▶ Exercise requirements
Below are entries with pictures among them; reproduce exactly, and only, the lines from the one containing "别哭漫画,第57话 不做人了2图" down to the one containing "崭新的理所当然：生活中的巧思与发现笔记02（库1） 松浦弥太", without the pictures.

*** Information supplied ***

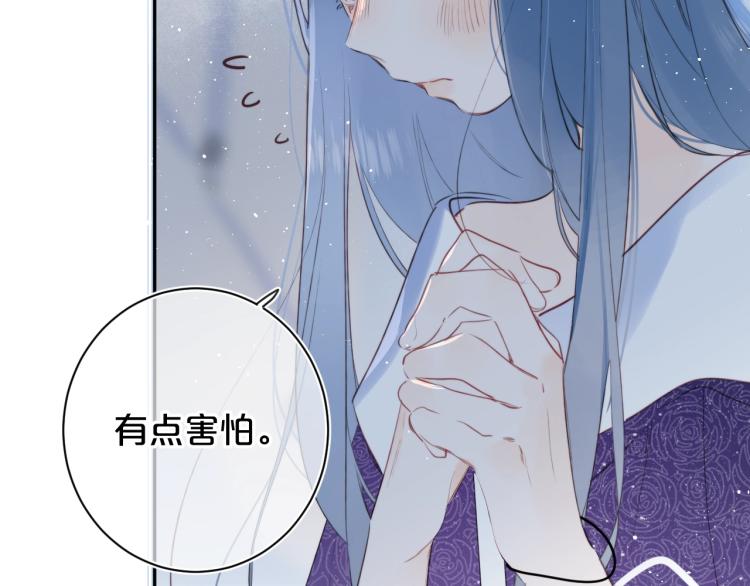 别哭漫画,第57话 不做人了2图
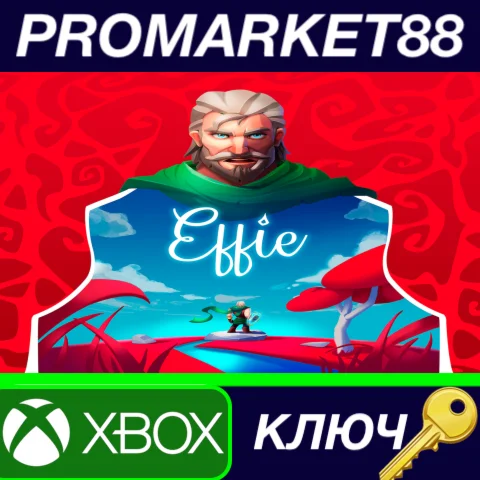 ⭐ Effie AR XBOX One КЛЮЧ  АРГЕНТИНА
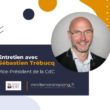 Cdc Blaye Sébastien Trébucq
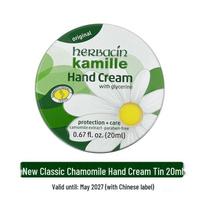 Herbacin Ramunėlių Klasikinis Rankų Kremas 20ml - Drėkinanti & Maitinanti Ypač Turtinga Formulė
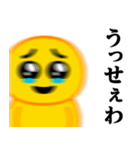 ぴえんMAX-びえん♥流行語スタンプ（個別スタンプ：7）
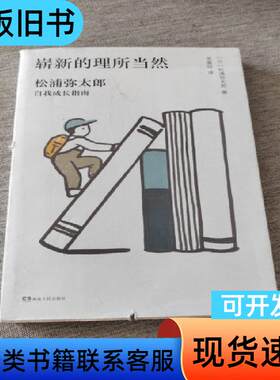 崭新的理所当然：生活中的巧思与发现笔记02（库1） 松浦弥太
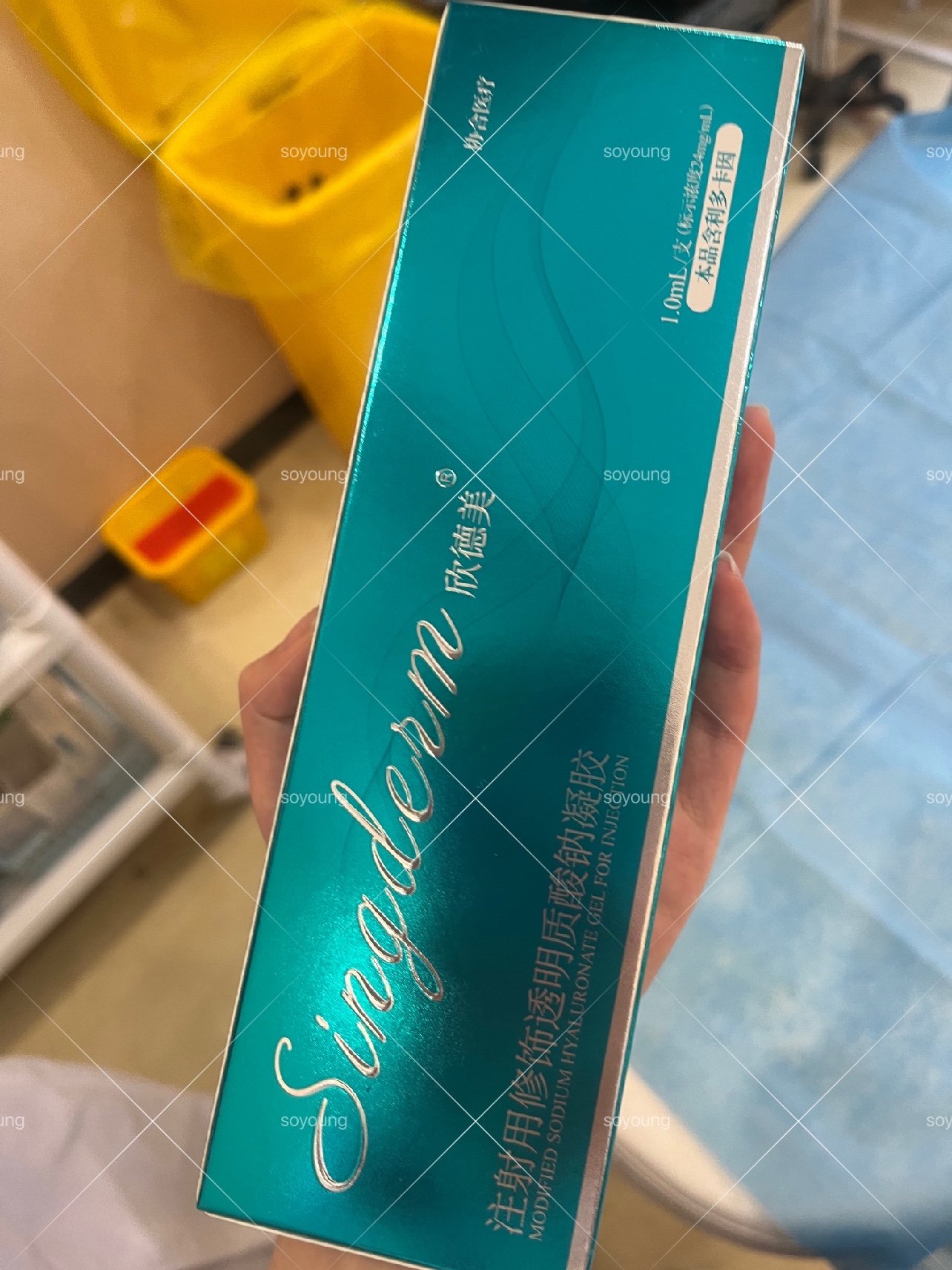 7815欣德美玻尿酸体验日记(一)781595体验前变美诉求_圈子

*** End of Information supplied ***
*** Information supplied ***

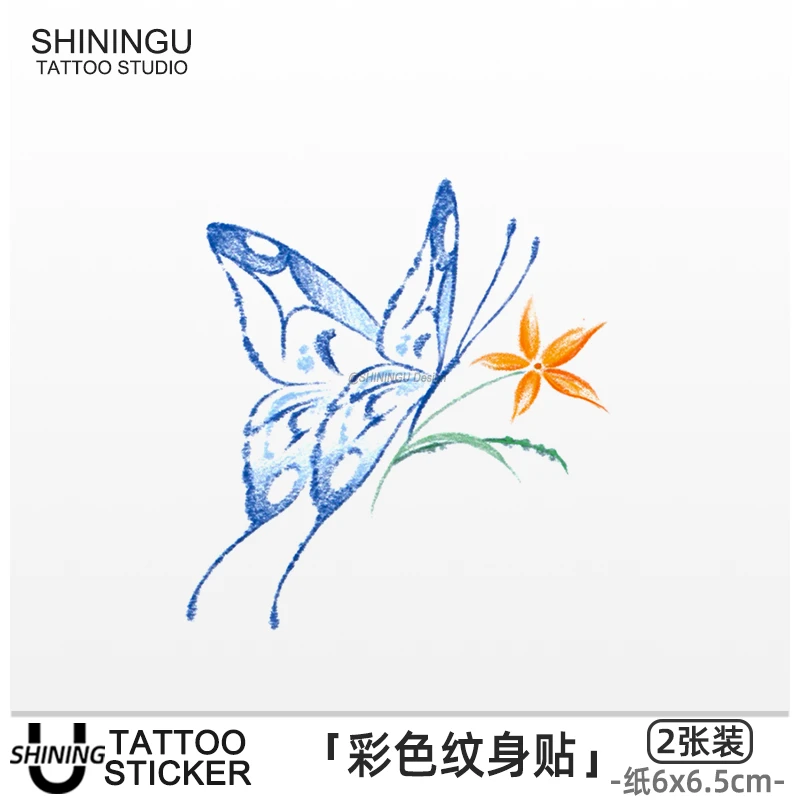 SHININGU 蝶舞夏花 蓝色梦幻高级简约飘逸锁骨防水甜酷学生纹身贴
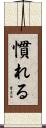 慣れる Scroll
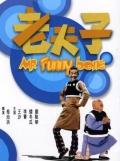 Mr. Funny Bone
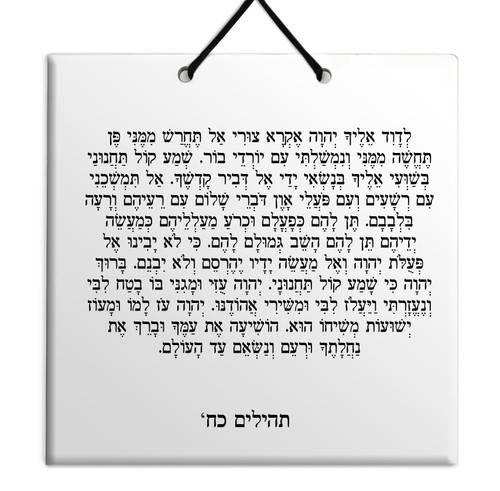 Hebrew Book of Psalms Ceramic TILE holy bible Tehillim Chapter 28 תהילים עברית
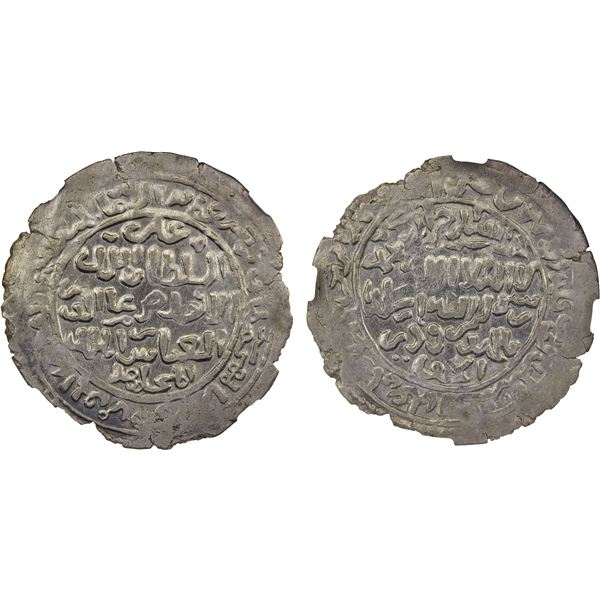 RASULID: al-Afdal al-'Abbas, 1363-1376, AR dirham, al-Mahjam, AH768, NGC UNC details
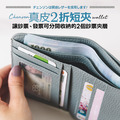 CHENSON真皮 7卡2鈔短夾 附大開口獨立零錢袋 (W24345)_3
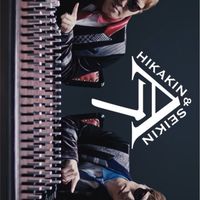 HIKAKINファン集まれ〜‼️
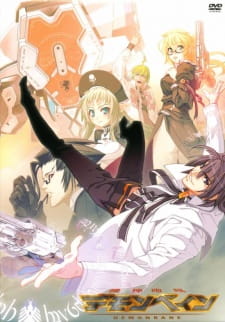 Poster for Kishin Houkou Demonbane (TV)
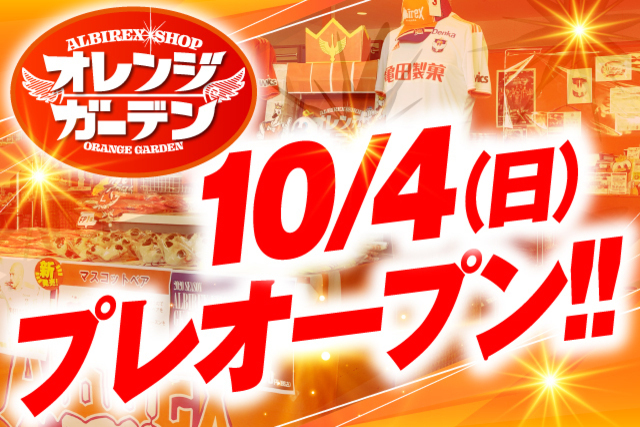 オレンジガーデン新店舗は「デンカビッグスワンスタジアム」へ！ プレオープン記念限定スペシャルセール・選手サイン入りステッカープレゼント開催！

*** End of Information supplied ***

▶ Solution below
 别哭漫画,第57话 不做人了2图
 ⭐ Effie AR XBOX One КЛЮЧ  АРГЕНТИНА
 Cdc Blaye Sébastien Trébucq
 Herbacin Ramunėlių Klasikinis Rankų Kremas 20ml - Drėkinanti & Maitinanti Ypač Turtinga Formulė
 ぴえんMAX-びえん♥流行語スタンプ（個別スタンプ：7）
 崭新的理所当然：生活中的巧思与发现笔记02（库1） 松浦弥太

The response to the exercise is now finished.